Gage des stocks et gage de droit commun : caractère impératif du gage des stocks
En raison des défauts du gage des stocks du Code de commerce et principalement de l’interdiction du pacte commissoire, les professionnels préfèrent souvent recourir au gage de droit commun lorsqu’il s’agit de grever des marchandises. Ce choix ne leur est cependant pas offert, le gage des stocks ayant un caractère impératif.
Cass. ass. plén., 7 déc. 2015, no 14-18435, Sté MJA et a. c/ Sté Bank of London and The Middle East PLC, PBRI
Depuis la réforme du gage de droit commun par l’ordonnance du 23 mars 20061 qui a également consacré au sein du Code de commerce un gage spécial sur les stocks, la coordination des deux dispositifs légaux est incertaine, particulièrement quant au caractère impératif ou seulement supplétif du gage des stocks. L’incertitude est définitivement levée par cet arrêt de l’assemblée plénière de la Cour de cassation, rendu le 7 décembre 2015.
En l’espèce, une banque avait consenti un prêt à une société garanti par un gage de droit commun sans dépossession portant sur un stock de marchandises. La convention de gage était assortie d’un pacte commissoire permettant l’attribution en paiement des biens grevés sans intervention judiciaire. Là résidait d’ailleurs la raison de l’éviction par les parties du gage des stocks du Code de commerce qui, à la différence du droit commun, interdit encore le pacte commissoire. Avant que le constituant ne fasse finalement l’objet d’un redressement judiciaire, puis d’une liquidation judiciaire, le créancier gagiste a réalisé sa sûreté suite à la défaillance du constituant et, par suite, a revendiqué l’assiette de son gage conformément aux effets du pacte commissoire.
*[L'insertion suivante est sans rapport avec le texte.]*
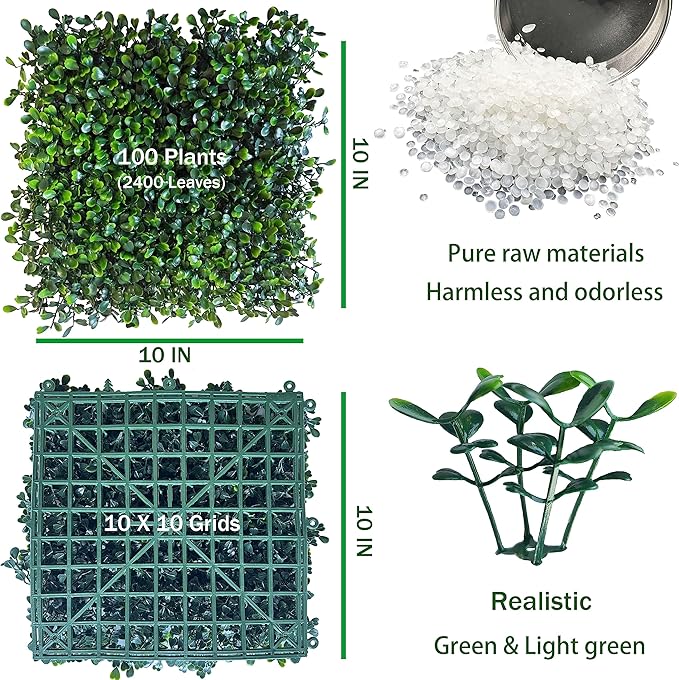 Artificial Grass Wall Panel Backdrop,10" X 10" 12P(8.4 sqft) UV-Anti Greenery Boxwood Panels for Indoor Outdoor Green Wall Decor & Ivy Fence Covering Privacy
Le juge-commissaire, intervenant dans le cadre de la procédure collective postérieurement ouverte, a reçu la demande du gagiste et a ordonné la restitution en sa faveur des marchandises grevées. Cette décision a été contestée par le constituant devant le tribunal puis devant la cour d’appel, les deux juridictions ayant rejeté le recours. Le constituant a alors formé un pourvoi devant la Cour de cassation qui, par un arrêt de la chambre commerciale en date du 19 février 20132, a contredit les juges du fond en retenant le caractère impératif du gage des stocks. Saisie de l’affaire sur renvoi, la cour d’appel de Paris3 a toutefois résisté en recevant de nouveau la possibilité pour les parties d’écarter le gage spécial en faveur de celui de droit commun, ce qui a motivé un nouveau pourvoi.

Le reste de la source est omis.